La faillite de l’exploitant albertain Hemkund Developments avait fait fermer d’un coup les neuf Pizza Hut de la grande région de Québec. Près d’un an plus tard, sept comptoirs ont rouvert sous une nouvelle direction montréalaise. Un cas d’école sur ce qui arrive aux franchisés quand l’exploitant d’un territoire s’effondre.
Au printemps 2025, les neuf restaurants Pizza Hut de la région de Québec ont baissé le rideau presque simultanément. En cause : la faillite de Hemkund Developments Ltd, une société fondée en 2018 à Edmonton et plombée par une dette de près de 40 millions de dollars. L’entreprise, dirigée par Sweetpal Singh Chauhan, avait quitté la construction pour le commerce de détail avant de sombrer.
Un exploitant albertain entraîne neuf restaurants dans sa chute
La mécanique est typique des grands réseaux. Pizza Hut, propriété du géant américain Yum! Brands, ne gère pas ses restaurants en propre : il confie des territoires à des exploitants qui ouvrent et font rouler les établissements. À Québec, ce rôle revenait à Hemkund.
Quand l’exploitant s’est placé sous la protection de la loi sur la faillite, les neuf comptoirs se sont retrouvés sans opérateur du jour au lendemain. Les employés ont perdu leur emploi sans préavis et les clients ont trouvé porte close. Le réseau, lui, a vu disparaître toute sa présence dans la Capitale-Nationale.
Sept comptoirs sur neuf rouverts sous une direction montréalaise
La suite s’est jouée devant les tribunaux. En juillet 2025, la convention d’achat d’actifs conclue entre le séquestre et la compagnie NBG Québec Inc. a été approuvée par la Cour du Banc du Roi de l’Alberta. Le repreneur a aussitôt entrepris de relancer les établissements un à un.
Le premier à renaître a été le restaurant du 1480, boulevard Louis-XIV, à Québec, rouvert le 21 août 2025. Au fil des mois, sept des neuf comptoirs ont repris du service. Ils sont désormais pilotés par Mohammad Abedi, actionnaire majoritaire de NBG Québec, une société établie à Montréal.
Ce que la faillite d’un exploitant enseigne aux franchisés québécois
Le dossier rappelle une réalité que bien des candidats sous-estiment : la solidité d’une marque mondiale ne protège pas contre la défaillance de l’exploitant local. Au Québec, la relation repose sur la convention de franchise et sur les obligations de bonne foi prévues au Code civil du Québec, mais elle n’immunise pas un territoire contre l’insolvabilité de celui qui le détient.
Bon à savoir
Quand un exploitant fait faillite, un séquestre prend le contrôle des actifs et cherche un repreneur. Les établissements peuvent rouvrir, mais souvent après plusieurs mois et sans garantie pour les employés ni les fournisseurs touchés.

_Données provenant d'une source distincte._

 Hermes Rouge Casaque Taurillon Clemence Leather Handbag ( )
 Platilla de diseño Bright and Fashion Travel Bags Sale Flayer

Pour un futur franchisé, la leçon est concrète. Avant de signer, on vérifie la santé financière du franchiseur, mais aussi celle du franchisé-maître ou de l’exploitant régional qui contrôle le territoire visé. Un réseau peut très bien se porter pendant que l’opérateur d’une zone donnée accumule les dettes.
Un retour fragile à surveiller dans la Capitale-Nationale
Deux comptoirs manquent toujours à l’appel et la reprise reste à consolider. La question est maintenant de savoir si la nouvelle direction parviendra à réinstaller durablement Pizza Hut dans une région où la concurrence de la pizza, des grandes chaînes aux indépendants, est féroce.
Les prochains mois diront si NBG Québec rouvre les derniers établissements et stabilise le réseau régional. Pour les exploitants et les candidats franchisés du Québec, le cas restera une référence utile sur la gestion du risque quand on mise sur une grande enseigne.